§ **EXERCISE**: Each entry below should be given again exactly; the pictures stay out.

§ **RECORDS TO USE**:
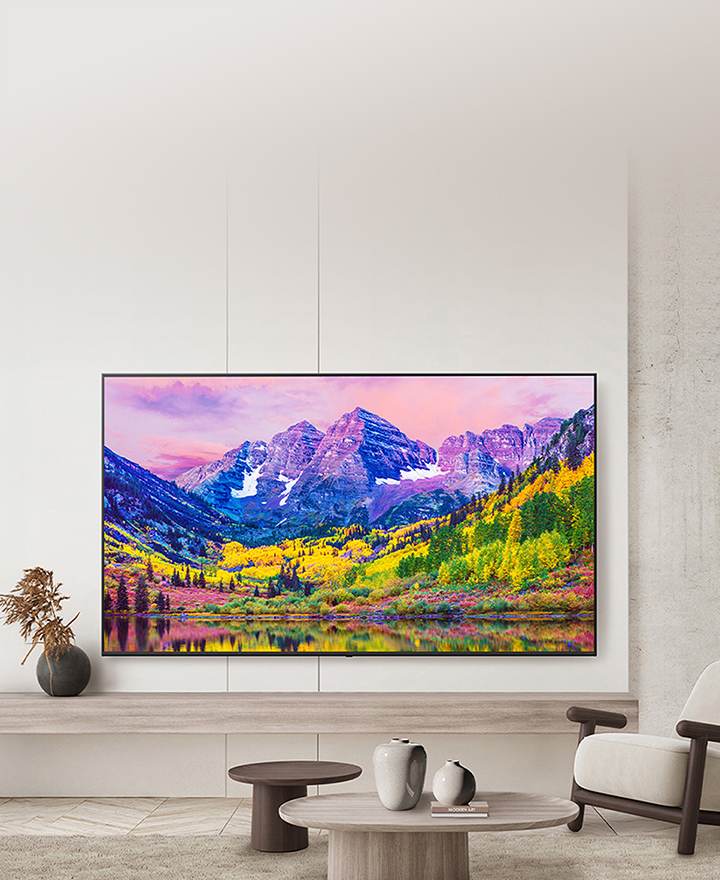 LG Commercial TV displaying vivid street scene with classic car, designed for hotel and healthcare environments. LG hospitality and healthcare TV solutions offering customized guest experiences with vibrant picture quality.
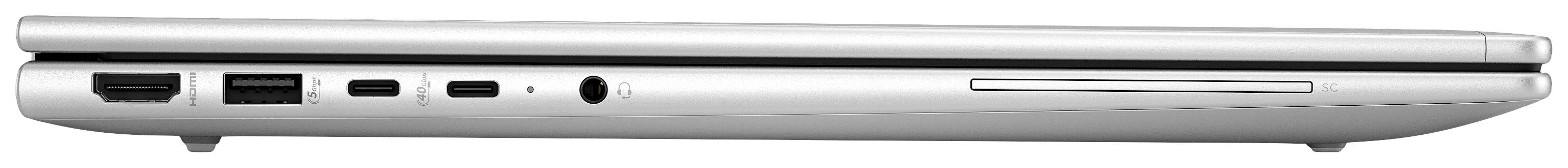 Ein geschlossenes silbernes Laptop von der Seite, sichtbar sind Anschlüsse: HDMI, USB, Kopfhöreranschluss und ein optisches Laufwerk.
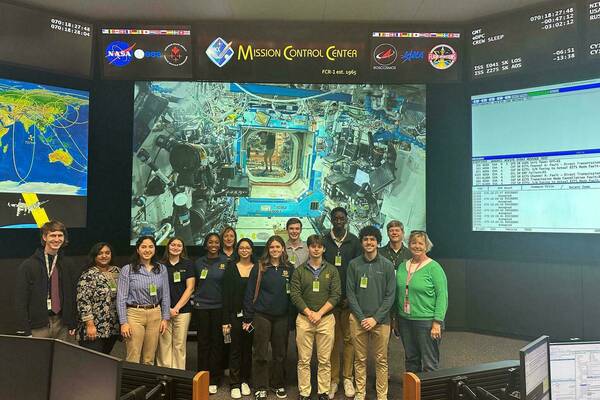 Students and hosts on the Space Trek visit NASA's Mission Control Center at Johnson Space Center with a video feed of NASA astronauts Sunita Williams and Don Pettit aboard the International Space Station in the background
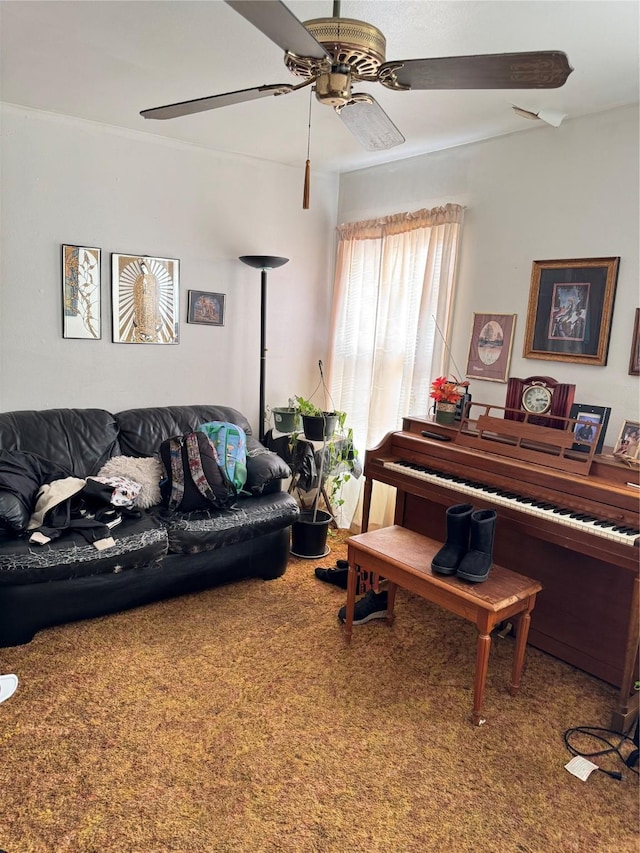 living room featuring carpet flooring and ceiling fan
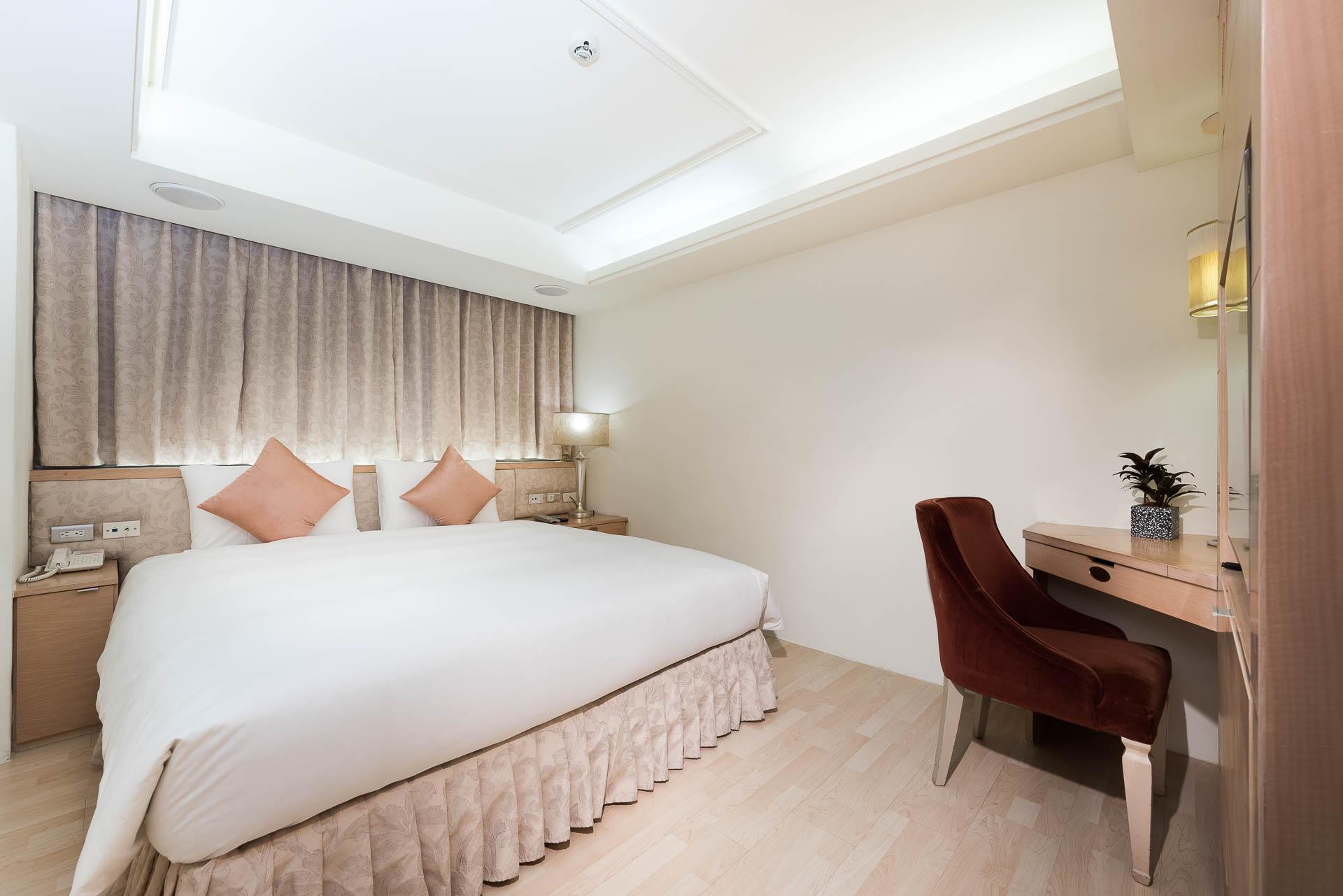 Shin Yuan Celeb Metro Hotel: A room with a large bed, red desk chair and curtains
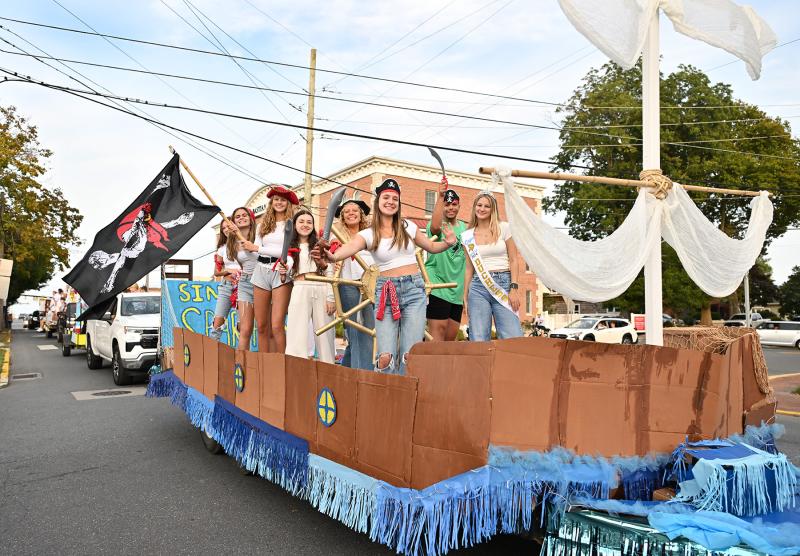 The sophomore float travels up Savannah Road to Legends Stadium.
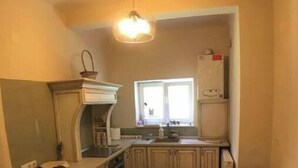 Una cocina compacta con una isla central, una ventana y un lámpara colgante.
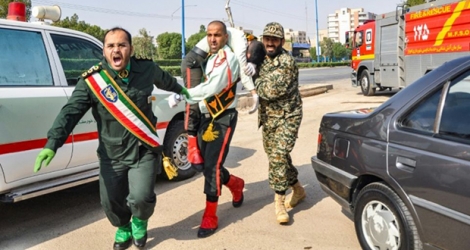 Un homme porte un soldat blessé lors d'une attaque à Ahvaz, dans le sud-ouest de l'Iran, le 22 septembre 2018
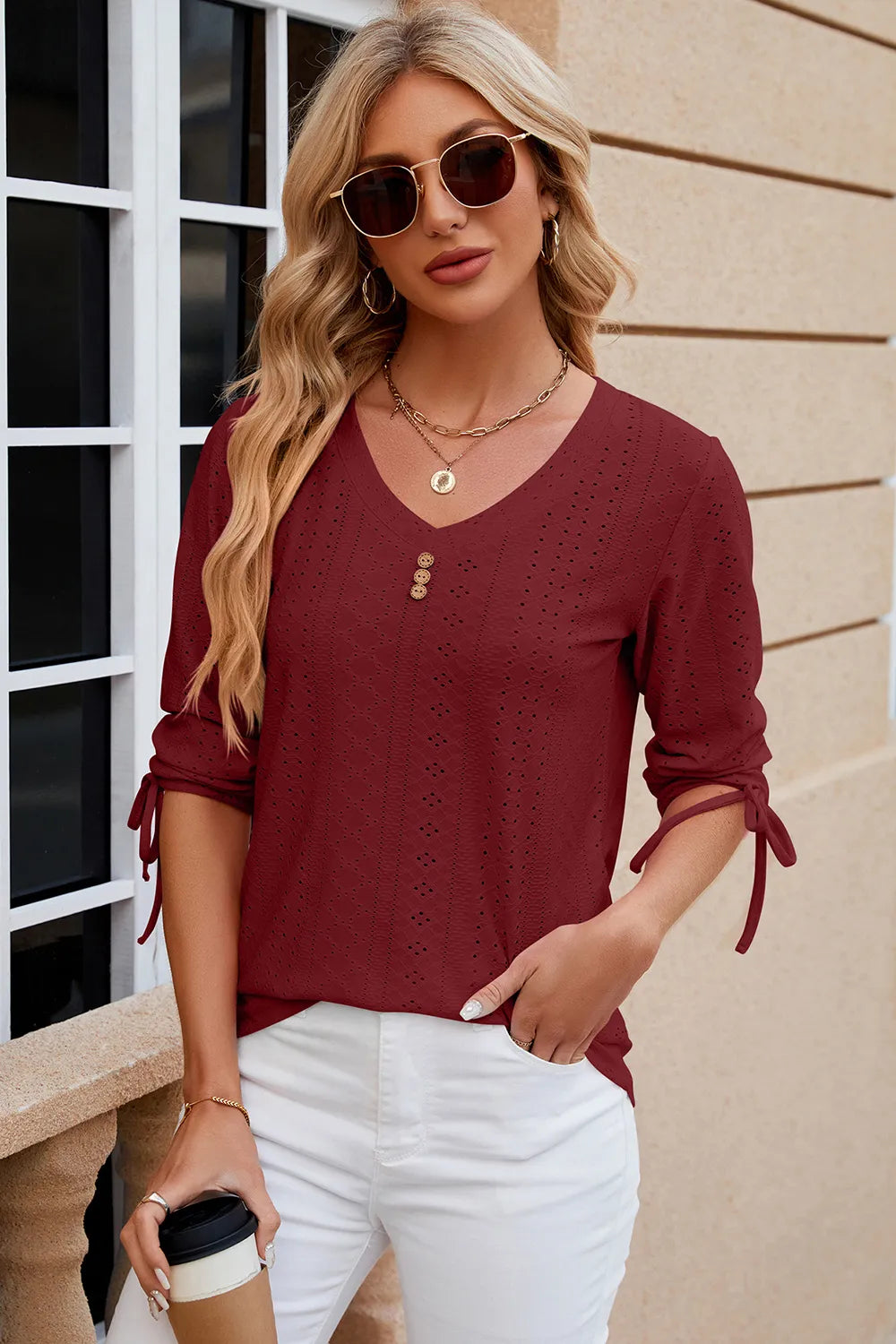 Burgundy eyelet top with V neckline, half sleeves and sophisticated casual appeal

§ **EXERCISE OUTPUT**:
 LG Commercial TV displaying vivid street scene with classic car, designed for hotel and healthcare environments. LG hospitality and healthcare TV solutions offering customized guest experiences with vibrant picture quality.
 Ein geschlossenes silbernes Laptop von der Seite, sichtbar sind Anschlüsse: HDMI, USB, Kopfhöreranschluss und ein optisches Laufwerk.
 Students and hosts on the Space Trek visit NASA's Mission Control Center at Johnson Space Center with a video feed of NASA astronauts Sunita Williams and Don Pettit aboard the International Space Station in the background
 living room featuring carpet flooring and ceiling fan
 Shin Yuan Celeb Metro Hotel: A room with a large bed, red desk chair and curtains
 The sophomore float travels up Savannah Road to Legends Stadium.
 Una cocina compacta con una isla central, una ventana y un lámpara colgante.
 Un homme porte un soldat blessé lors d'une attaque à Ahvaz, dans le sud-ouest de l'Iran, le 22 septembre 2018
 Burgundy eyelet top with V neckline, half sleeves and sophisticated casual appeal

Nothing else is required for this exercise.